По обыкновению, заговорил об античных временах и поинтересовался узнать, где Скрыгин намерен продолжать свое образование.

Ванилью и кожей пахло от старых пожелтевших книг, отягощавших полки. С благоговейным трепетом Скрыгин посмотрел на большие фолианты, покрытые ржавыми надписями, и изумленно спросил:

— Это все латинские?

— Всякие, — ответил Конопацкий. — Есть французские и немецкие и даже две итальянские.

И, уловив тихий восторг, блуждавший у юноши где-то в его длинных загнутых ресницах, старик оживился и сказал:

— Здесь, в тиши кабинета, как некогда Одиссей в стране киммериан, я люблю вызывать тени великого прошлого. Потому что будущее, настоящее и прошлое — неразрывны. И мысль об этом никогда не покидает меня.

— А как ваша работа? Кончаете? — спросил Скрыгин, с трудом удерживая себя от желания забросать его вопросами.

— Еще не скоро, — ответил Конопацкий.

Затем прошелся по комнате и, проведя рукой по редеющим волосам, добавил:

— Видите ли, мой друг, это целая история. Вы, конечно, думаете о каталоге?

— Да.

— Дело обстоит не так, — робко произнес он и в нерешительности замолчал. На лицо его легла вдруг загадочность, как у заговорщика на допросе: холодная и упрямая.

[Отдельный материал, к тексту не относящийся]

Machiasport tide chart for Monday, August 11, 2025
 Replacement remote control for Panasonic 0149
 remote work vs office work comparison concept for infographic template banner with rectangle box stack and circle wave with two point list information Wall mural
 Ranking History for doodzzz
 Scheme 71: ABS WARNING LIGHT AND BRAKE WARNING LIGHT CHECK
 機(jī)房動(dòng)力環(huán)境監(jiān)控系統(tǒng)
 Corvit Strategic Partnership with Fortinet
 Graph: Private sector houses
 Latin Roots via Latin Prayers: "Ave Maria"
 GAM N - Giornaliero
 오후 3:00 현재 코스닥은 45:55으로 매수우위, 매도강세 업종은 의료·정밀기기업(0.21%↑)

— Вы никому не говорите об этом, иначе мне угрожают большие неприятности. Понимаете?

Скрыгин поднялся со стула, возбужденный любопытством.

— Не пугайтесь. Ничего особенного. Изготовлением фальшивых монет я не занимаюсь. Но должен вам признаться, что тот мой труд, о котором вам известно, уже давно написан. Я умышленно скрываю это, чтобы мне не мешали заниматься другим делом. В течение пяти лет мне удавалось вводить в заблуждение многих, в том числе и г. директора. Иначе, вы сами понимаете, он стал бы допытываться, чем я в настоящее время занимаюсь. Истину же я не мог ему сообщить.

Скрыгин сказал:

— Все говорили — каталог. И даже в Киев вы ездили.

Конопацкий лукаво улыбнулся.

— Рыться в книгах. Этого я не отрицаю. Но вы даете мне слово молчать?

— Конечно, — сказал Скрыгин, польщенный, что ему доверяют тайну.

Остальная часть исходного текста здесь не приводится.